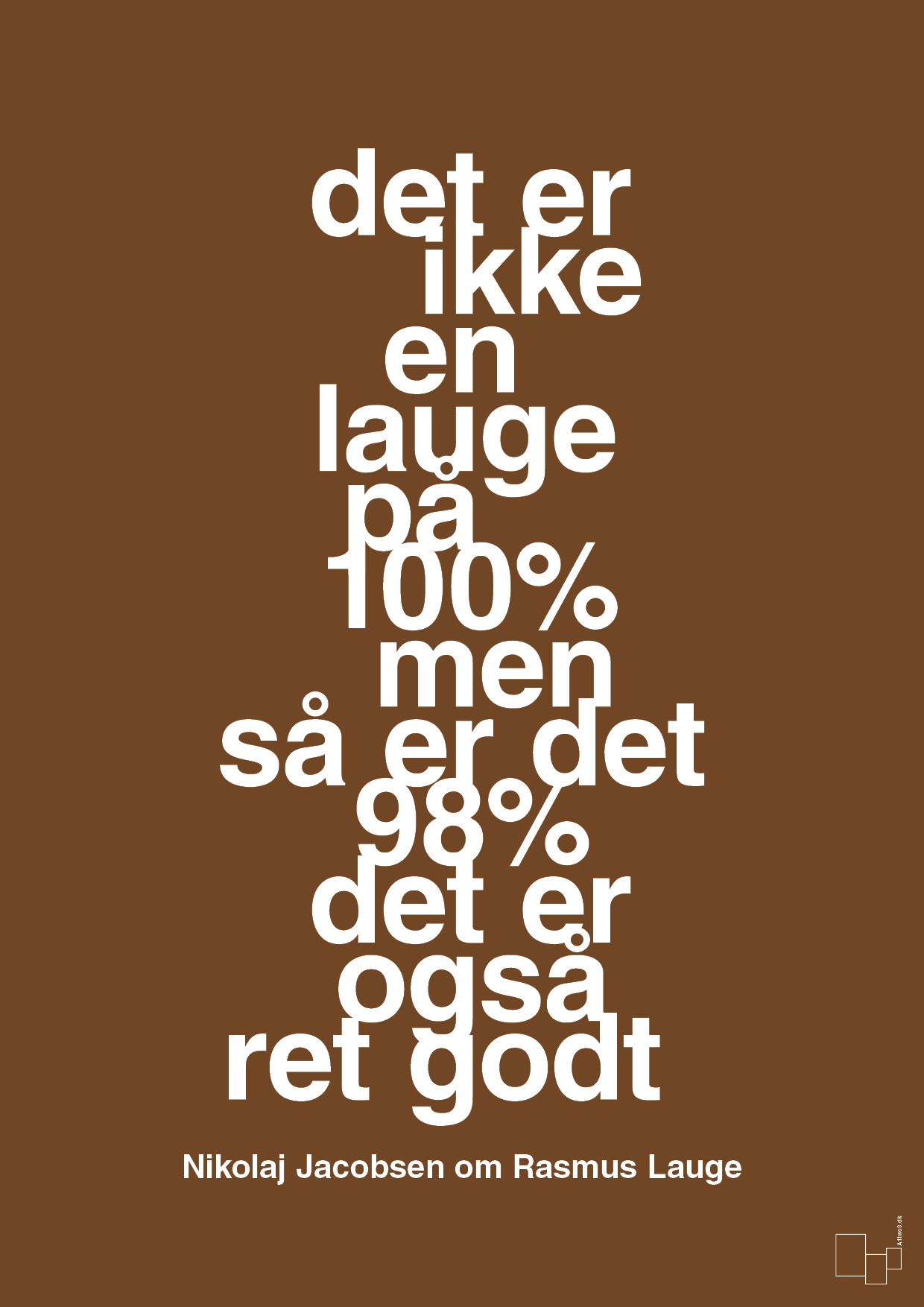 plakat: det er ikke en lauge på 100% men så er det 98% det er også ret godt - dark brown-Håndbold-A1two3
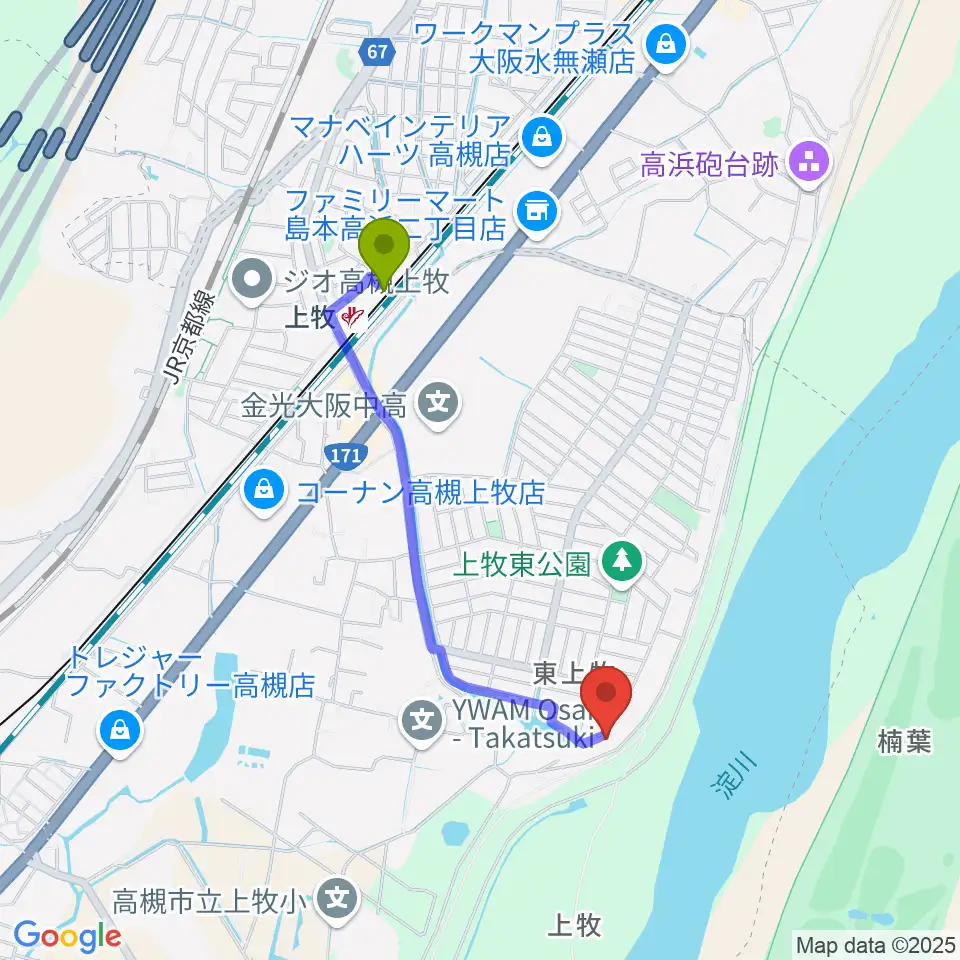 上牧駅からサロンドゥムジークカンマキへのルートマップ地図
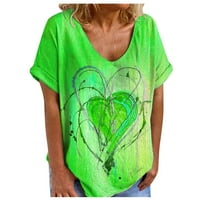 Ženski vrhovi Žene Srce Ispiši labave, majice kratkih rukava Green XL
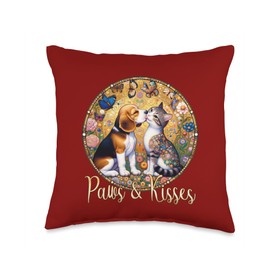 Art Nouveau Love Beagle Dog & Cat Kiss Flower Butterfly Paws & Kisses Valentines Beagle Dog & Cat Throw Pillow, 16x16, Multicolor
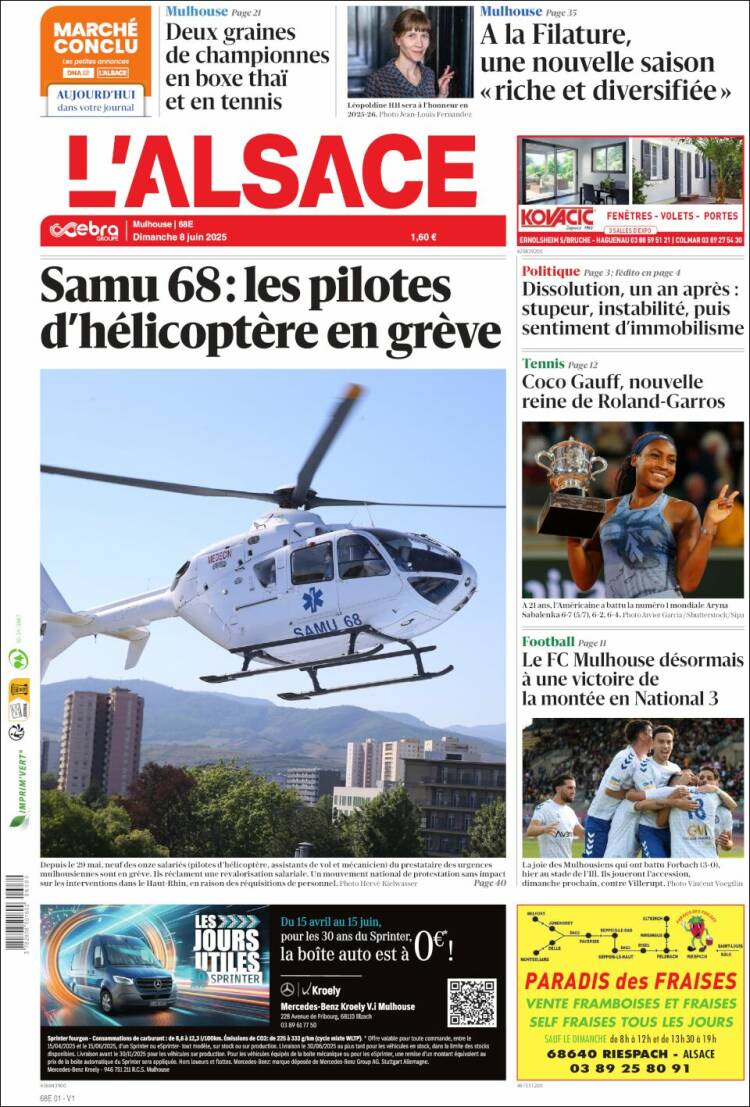 Portada de Journal L'Alsace (Francia)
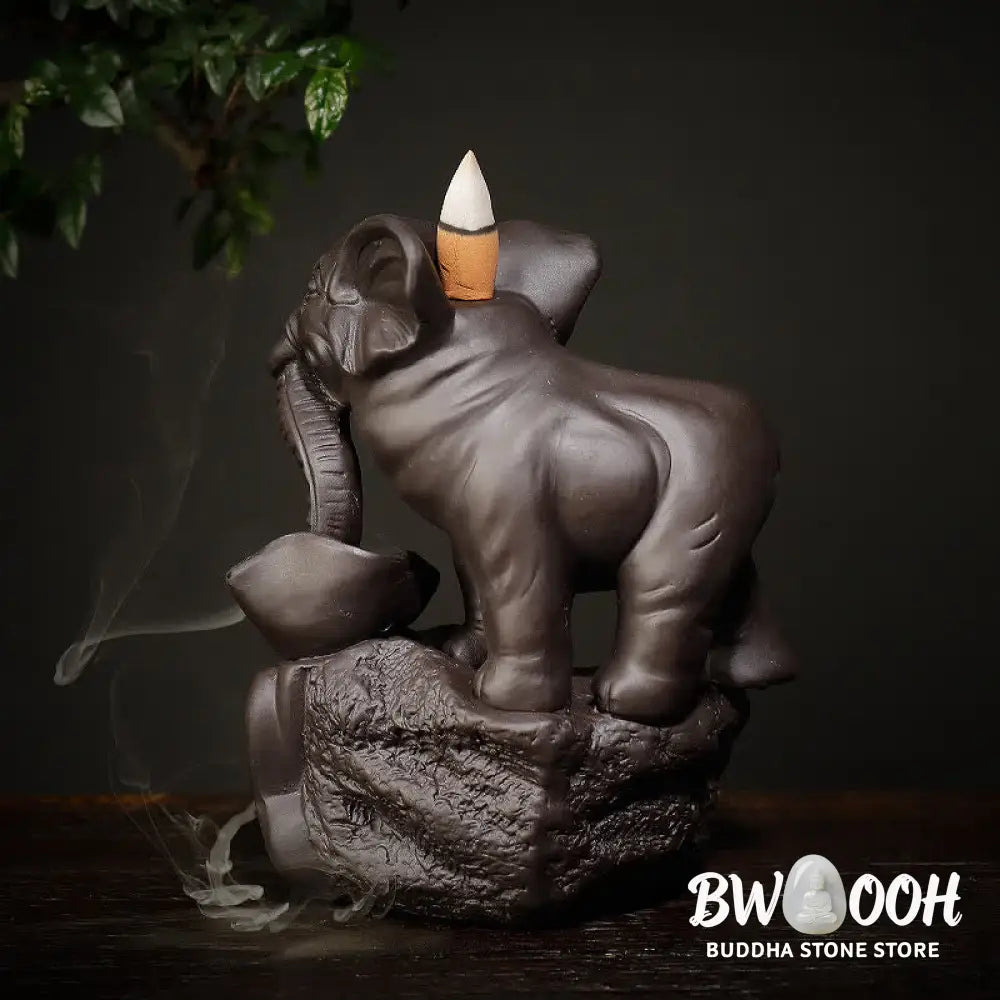 BWOOOH Tibetan Elephant Purple Clay Backflow Smoke Fountain Peace Healing Incense Burner Decoration - Brown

## ABOUT THIS EXERCISE
Set down every line of the entries above again, exactly as written, but not the pictures.

## THE ANSWER
 plakat: det er ikke en lauge på 100% men så er det 98% det er også ret godt - dark brown-Håndbold-A1two3
 上牧駅からサロンドゥムジークカンマキへのルートマップ地図
 Ženski vrhovi Žene Srce Ispiši labave, majice kratkih rukava Green XL
 Art Nouveau Love Beagle Dog & Cat Kiss Flower Butterfly Paws & Kisses Valentines Beagle Dog & Cat Throw Pillow, 16x16, Multicolor
 Portada de Journal L'Alsace (Francia)
 BWOOOH Tibetan Elephant Purple Clay Backflow Smoke Fountain Peace Healing Incense Burner Decoration - Brown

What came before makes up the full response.